We could use the same procedure we just carried out to change the fairness definition entirely. For example, another common definition of fairness is equalized odds, which ensures that the false positive rates and false negative rates simultaneously do not differ within a certain tolerance. Let's define the constraint string that the engine can understand: $\text{abs}((\text{FPR} | [\text{M}]) - (\text{FPR} | [\text{F}])) + \text{abs}((\text{FNR} | [\text{M}]) - (\text{FNR} | [\text{F}])) \leq 0.2$. Repeating the same procedure as above to replace the constraint with this one and create a new spec file, the only changes we need to make to the experiment script are:
constraint_name = 'equalized_odds'
fairlearn_constraint_name = constraint_name
fairlearn_epsilon_eval = 0.2 # the epsilon used to evaluate g, needs to be same as epsilon in our definition
fairlearn_eval_method = 'two-groups' # the epsilon used to evaluate g, needs to be same as epsilon in our definition
fairlearn_epsilons_constraint = [0.01,0.1,0.2,1.0] # the epsilons used in the fitting constraint
We also need to point to the new spec file we created for the new constraint. Running the experiment for this constraint, we obtain the following figure:
Figure 4 - Same as Figure 2 but enforcing equalized odds instead of disparate impact.
Summary
In this tutorial, we demonstrated how to use the Seldonian Toolkit to build a predictive model that enforces a variety of fairness constraints on the German Credit dataset. We covered how to format the dataset and metadata so that they can be used by the Seldonian Engine. Using the engine, we ran a Seldonian algorithm and confirmed that we were able to find a safe solution. We then ran a serires of Seldonian Experiments to evaluate the true performance and safety of our quasi-Seldonian algorithm (QSA) using different fairness definitions.

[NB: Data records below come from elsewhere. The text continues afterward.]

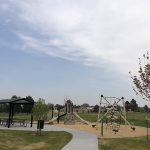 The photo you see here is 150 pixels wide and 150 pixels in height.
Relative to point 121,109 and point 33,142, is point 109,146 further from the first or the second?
point 121,109

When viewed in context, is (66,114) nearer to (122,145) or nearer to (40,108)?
(40,108)

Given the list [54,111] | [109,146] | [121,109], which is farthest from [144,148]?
[54,111]

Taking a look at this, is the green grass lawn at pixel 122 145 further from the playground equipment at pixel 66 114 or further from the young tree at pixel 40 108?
the playground equipment at pixel 66 114

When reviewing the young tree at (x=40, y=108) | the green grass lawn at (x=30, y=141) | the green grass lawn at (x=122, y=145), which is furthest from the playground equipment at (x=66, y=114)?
the green grass lawn at (x=122, y=145)

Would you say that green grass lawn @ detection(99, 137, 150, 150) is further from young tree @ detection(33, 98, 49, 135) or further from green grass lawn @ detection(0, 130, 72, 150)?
young tree @ detection(33, 98, 49, 135)

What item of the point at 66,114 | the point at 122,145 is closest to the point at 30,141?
the point at 122,145

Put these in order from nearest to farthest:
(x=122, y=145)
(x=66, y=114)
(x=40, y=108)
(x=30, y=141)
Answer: (x=122, y=145), (x=30, y=141), (x=40, y=108), (x=66, y=114)

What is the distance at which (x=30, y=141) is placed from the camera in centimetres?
2580

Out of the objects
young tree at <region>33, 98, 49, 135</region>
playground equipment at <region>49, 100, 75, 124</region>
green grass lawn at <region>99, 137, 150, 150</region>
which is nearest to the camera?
green grass lawn at <region>99, 137, 150, 150</region>

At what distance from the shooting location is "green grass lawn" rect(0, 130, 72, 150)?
74.4 feet

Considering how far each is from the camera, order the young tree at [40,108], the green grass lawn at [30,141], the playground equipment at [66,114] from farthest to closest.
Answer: the playground equipment at [66,114], the young tree at [40,108], the green grass lawn at [30,141]

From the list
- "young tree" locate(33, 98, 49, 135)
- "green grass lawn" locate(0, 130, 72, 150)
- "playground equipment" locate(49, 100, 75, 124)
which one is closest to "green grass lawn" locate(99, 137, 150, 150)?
"green grass lawn" locate(0, 130, 72, 150)

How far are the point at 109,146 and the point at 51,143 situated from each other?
4868 millimetres

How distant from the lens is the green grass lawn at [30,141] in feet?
74.4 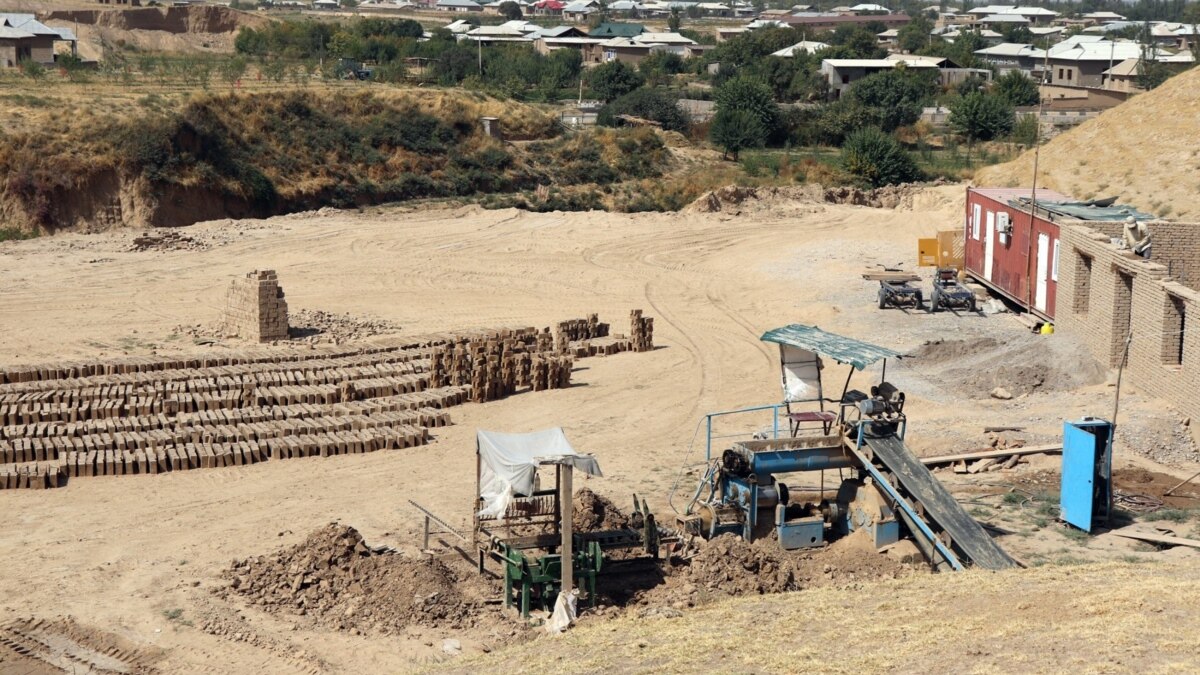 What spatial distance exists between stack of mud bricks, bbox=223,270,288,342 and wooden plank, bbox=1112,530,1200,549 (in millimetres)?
18022

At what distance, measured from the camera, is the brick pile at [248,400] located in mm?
22500

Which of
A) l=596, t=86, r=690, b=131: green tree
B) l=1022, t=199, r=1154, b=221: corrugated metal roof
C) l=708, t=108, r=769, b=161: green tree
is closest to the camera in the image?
l=1022, t=199, r=1154, b=221: corrugated metal roof

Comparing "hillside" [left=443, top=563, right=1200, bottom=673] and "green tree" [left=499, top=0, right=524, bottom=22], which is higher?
"green tree" [left=499, top=0, right=524, bottom=22]

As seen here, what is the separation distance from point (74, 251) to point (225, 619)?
25.9 m

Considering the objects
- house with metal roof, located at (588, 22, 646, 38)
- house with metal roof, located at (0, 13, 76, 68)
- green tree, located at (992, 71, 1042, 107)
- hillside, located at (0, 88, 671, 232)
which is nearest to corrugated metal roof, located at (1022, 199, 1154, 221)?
hillside, located at (0, 88, 671, 232)

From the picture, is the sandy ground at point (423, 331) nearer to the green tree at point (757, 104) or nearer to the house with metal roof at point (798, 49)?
the green tree at point (757, 104)

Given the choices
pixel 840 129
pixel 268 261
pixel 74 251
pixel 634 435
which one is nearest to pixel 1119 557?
pixel 634 435

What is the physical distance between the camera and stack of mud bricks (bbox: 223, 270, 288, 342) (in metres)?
30.3

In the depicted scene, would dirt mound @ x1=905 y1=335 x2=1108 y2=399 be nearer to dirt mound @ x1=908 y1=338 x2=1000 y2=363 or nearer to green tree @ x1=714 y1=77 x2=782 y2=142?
dirt mound @ x1=908 y1=338 x2=1000 y2=363

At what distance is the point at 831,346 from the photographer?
19578mm

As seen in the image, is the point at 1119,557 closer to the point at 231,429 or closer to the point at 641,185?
the point at 231,429

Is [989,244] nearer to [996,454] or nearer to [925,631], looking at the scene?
[996,454]

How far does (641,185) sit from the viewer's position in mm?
53812

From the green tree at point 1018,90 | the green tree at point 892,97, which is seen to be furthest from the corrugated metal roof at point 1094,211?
the green tree at point 1018,90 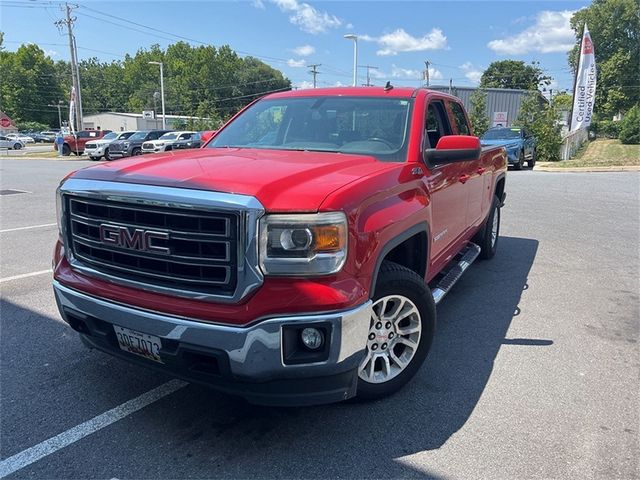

We found that the QSA can flexibly satisfy a range of custom-defined fairness constraints and that the model does not violate the constraints. We compared the QSA to several baselines that do not enforce any behavioral constraints as well as one model, Fairlearn, that does enforce constraints. We found that the performance of the QSA approaches the performance of a logistic regression model that lacks constraints. The logistic regression model and the fairness-aware Fairlearn model frequently violate the constraints for some definitions of fairness.